*** Block opens ***

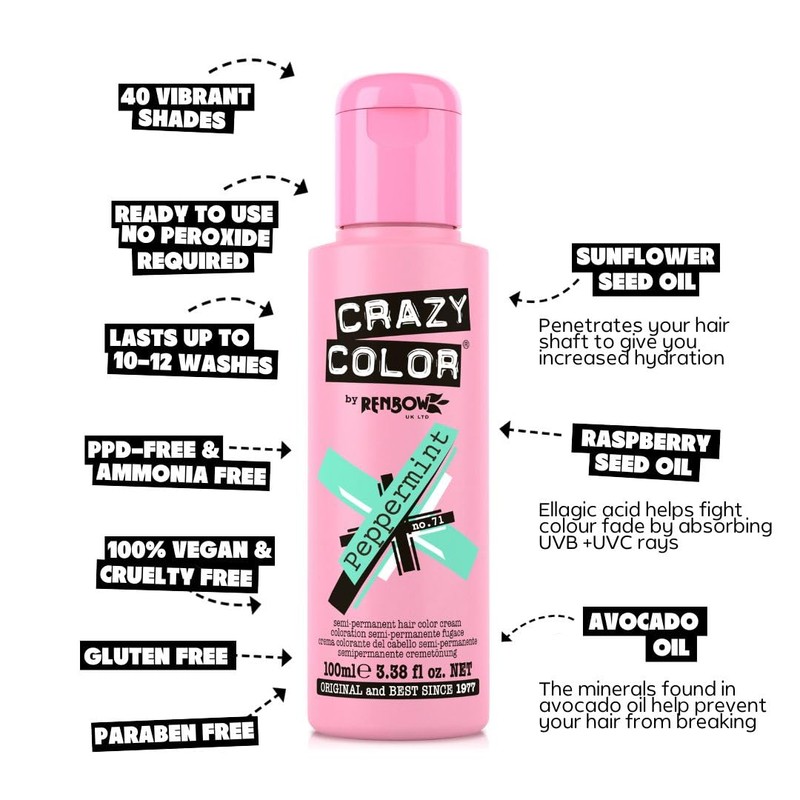 Crazy Color Pastel Peppermint Semi-Permanent Hair Dye. Highly Pigmented Minty
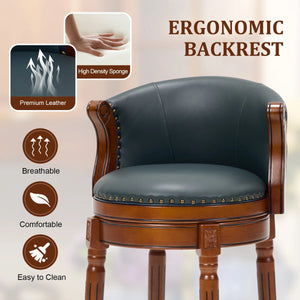 Swivel Bar Stool with Top-Grain Leather Seat, Soft Back, Rubber Wood Frame & Footrest for Kitchen, Dining, or Bar  Wooden Bazar
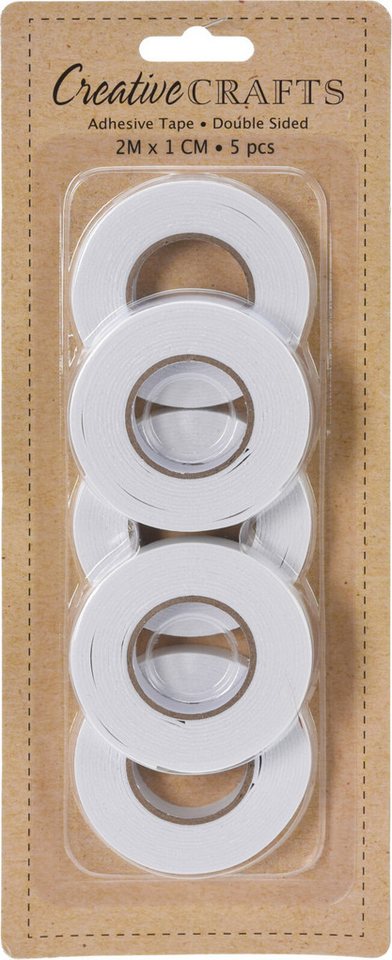 Koopman Doppelklebeband Kleberollen Klebebank Bastelband Doppelseitig Rollen 5 Stk. (5-St) Stark haftend, 1mm Stark, 2m je Rolle, Basteln, Kleben von Koopman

*** Block closes ***

Without the pictures, write out the whole listing above exactly as it appears.

# Final answer:
 Crazy Color Pastel Peppermint Semi-Permanent Hair Dye. Highly Pigmented Minty
 Swivel Bar Stool with Top-Grain Leather Seat, Soft Back, Rubber Wood Frame & Footrest for Kitchen, Dining, or Bar  Wooden Bazar
 Koopman Doppelklebeband Kleberollen Klebebank Bastelband Doppelseitig Rollen 5 Stk. (5-St) Stark haftend, 1mm Stark, 2m je Rolle, Basteln, Kleben von Koopman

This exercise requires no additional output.